*Task*. Can you transcribe the data exactly? Leave the pictures out.

*Data extract*.
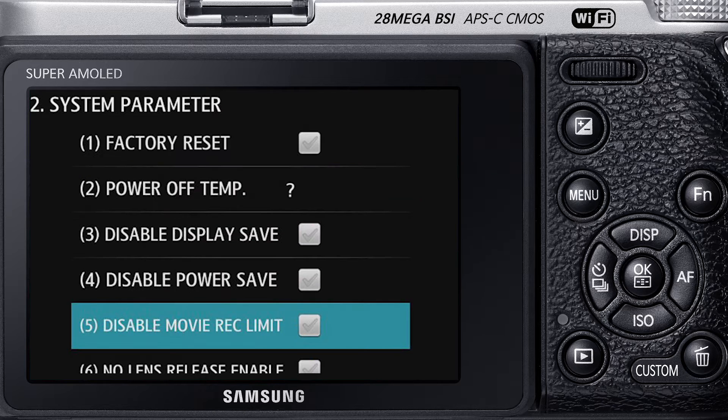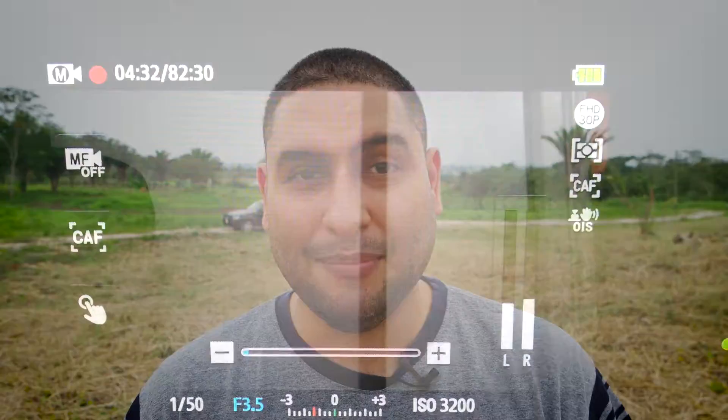Go to Display Parameters. All you have to do is click on that little tick box next to unrestricting your recording time, then turn off your camera, delete the .adj file from your SD card, put the SD card back in, turn your camera on, and you can have unlimited recording time.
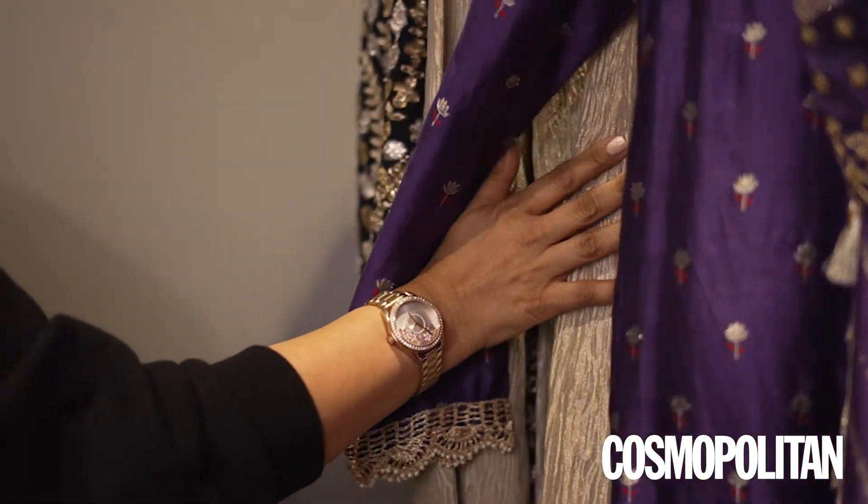This festive season I have seen two contrasting colour palettes coming to the forefront. One is the beautiful soft pastels, especially a lot of creams and whites, and of course the jewel tones. So we are going to see emeralds, maroons, and purples. Purple is big this festive season. You'll see a little bit of pastel action going on and a little bit of bright hues.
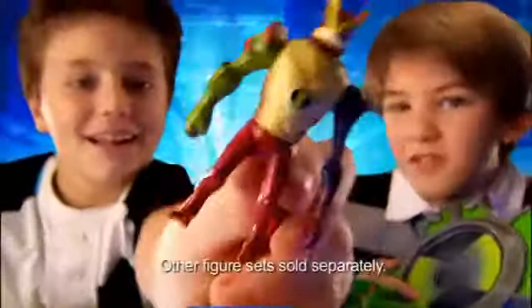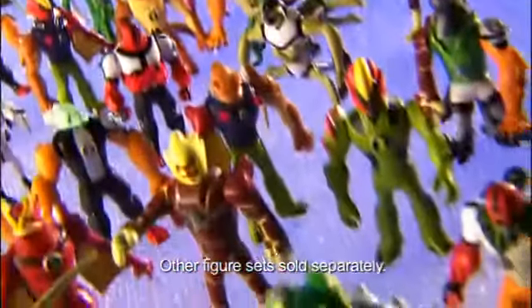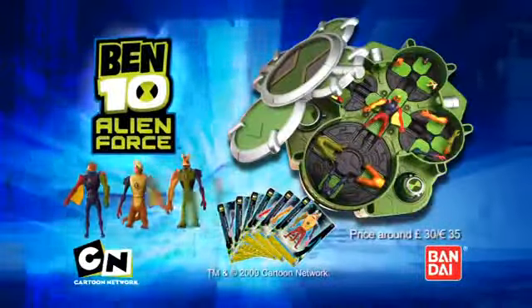Create thousands of cool figures again and again. Go full force with the Alien Creation Chamber and Chamber Figure Sets from Bandai.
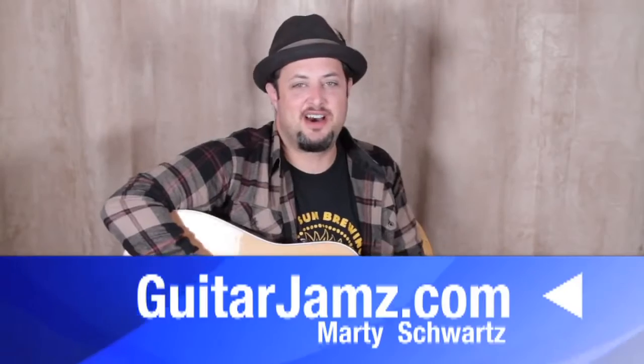Hey, what's up you guys? Marty Schwartz here, Guitarjams.com. Really stoked to bring you a nice, awesome soulful song, but really easy to play. It's only a couple of chords, but there's some nice little hot sauce we can add, like some walk-ups and some walk-downs with those little bass notes — which is always nice and you can use it for other things besides this song.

*Result*.
Go to Display Parameters. All you have to do is click on that little tick box next to unrestricting your recording time, then turn off your camera, delete the .adj file from your SD card, put the SD card back in, turn your camera on, and you can have unlimited recording time.
This festive season I have seen two contrasting colour palettes coming to the forefront. One is the beautiful soft pastels, especially a lot of creams and whites, and of course the jewel tones. So we are going to see emeralds, maroons, and purples. Purple is big this festive season. You'll see a little bit of pastel action going on and a little bit of bright hues.
Create thousands of cool figures again and again. Go full force with the Alien Creation Chamber and Chamber Figure Sets from Bandai.
Hey, what's up you guys? Marty Schwartz here, Guitarjams.com. Really stoked to bring you a nice, awesome soulful song, but really easy to play. It's only a couple of chords, but there's some nice little hot sauce we can add, like some walk-ups and some walk-downs with those little bass notes — which is always nice and you can use it for other things besides this song.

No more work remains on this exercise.